Sunaryo mengatakan rokok elektrik dikenakan cukai karena termasuk produk hasil pengolahan tembakau. Barang yang dikenakan cukai merupakan cairan rokok dan ekstrak padat dari hasil tembakau. Barang yang sudah membayar cukai akan dikenakan pita sebagai penanda.
Selain cukai, cairan rokok elektrik juga akan dikenakan bea masuk. Menurut Sunaryo, sebanyak 60 persen cairan vape yang beredar di Indonesia berasal dari luar negeri.
Pengenaan cukai untuk produk ini dikritik sejumlah pihak. Ekonom Institute for Development of Economics and Finance (Indef) Bhima Yudhistira menilai aturan pengenaan cukai untuk cairan rokok elektrik atau vape terlalu terburu-buru. Dia mengatakan industri vape saat ini masih baru dan kecil sehingga tak akan menyumbang penerimaan yang besar. Dengan asumsi pengguna vape sebanyak satu juta orang dan harga cairan rokok senilai Rp 100 ribu, pemerintah hanya dapat pemasukan Rp 57 miliar dari tarif 57 persen.
Jumlah tersebut dinilai kecil jika dibandingkan dengan barang lain yang lebih berbahaya bagi kesehatan dan berpotensi dikenakan cukai. Salah satunya adalah asap dari kendaraan bermotor. Cukai kendaraan bermotor, baik roda dua dan empat, sebesar 5 persen saja berpotensi menghasilkan penerimaan sebesar Rp 6 triliun. Bhima mengatakan cukai plastik juga bisa menyumbang penerimaan yang lebih besar. Dengan tarif 5 persen saja, barang itu bisa menghasilkan Rp 254 miliar.

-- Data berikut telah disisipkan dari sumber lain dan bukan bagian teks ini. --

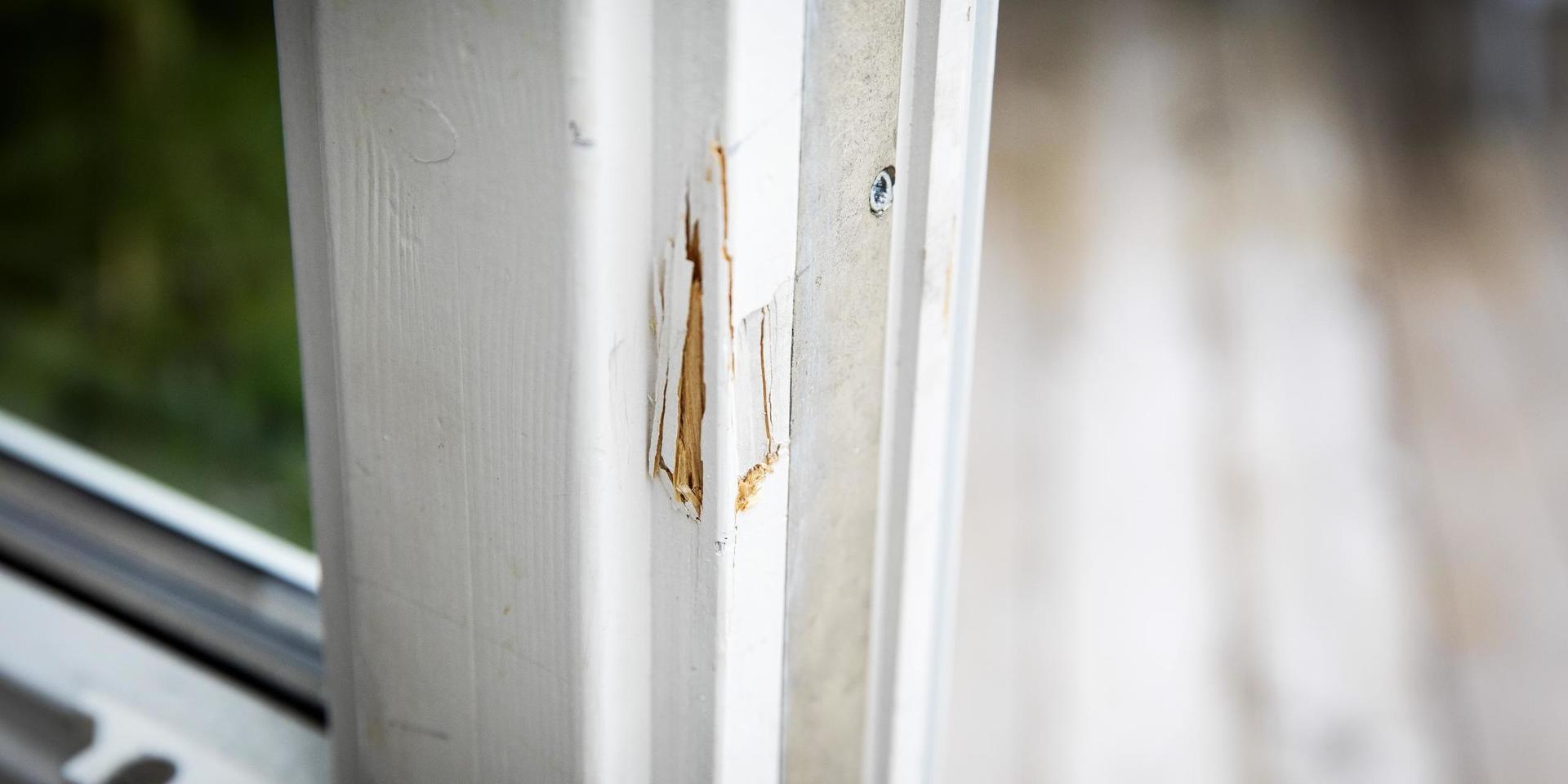 En Krokslättsbo väcktes under fredagsnatten av att någon gjorde oväsen i husets källare. Senare kunde polisen gripa en misstänkt tjuv. OBS: Genrebild.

Indef juga mengkaji potensi penerimaan jika minuman berpemanis dikenakan cukai. Minuman itu dapat memicu diabetes, penyakit paling mematikan ketiga di Indonesia. Hasilnya, ada potensi penerimaan sebesar Rp 470 miliar per tahun dengan tarif cukai sebesar 5 persen.
Berdasarkan kajian tersebut, Bhima menyarankan pemerintah melakukan ekstensifikasi cukai. "Jika ingin mencari penerimaan dari cukai, pemerintah diharapkan lebih kreatif untuk ekstensifikasi cukai. Banyak yang lebih bahaya," ujarnya.
Dari sisi pengendalian, Bhima meminta pemerintah mengkaji ulang penerapan cukai untuk rokok elektronik. Dengan tarif yang tinggi, dia khawatir akan tumbuh industri rokok elektrik ilegal seperti yang pernah terjadi saat tarif cukai rokok dipatok tinggi.
Asosiasi Personal Vaporizer Indonesia (APVI) menyatakan penetapan tarif cukai untuk cairan rokok elektrik atau vape yang dipatok 57 persen terlalu tinggi. Ketua Bidang Legal dan Business Development APVI, Dendy Dwiputra, mengatakan usaha di bidang rokok elektrik belum sebesar rokok tembakau. Usaha yang berkembang masih berkategori mikro, kecil, dan menengah (UMKM).
Usaha yang berkembang salah satunya adalah produksi cairan vape. Dendy menuturkan, cairan vape yang beredar kini didominasi produk lokal. Hanya sekitar 40 persen cairan vape yang diimpor. Padahal sebelumnya mayoritas cairan itu berasal dari luar negeri.
Dendy berharap pemerintah bersedia mempertimbangkan kembali tarif cukai tersebut. Terlebih lagi, cukai itu belum termasuk bea masuk cairan vape.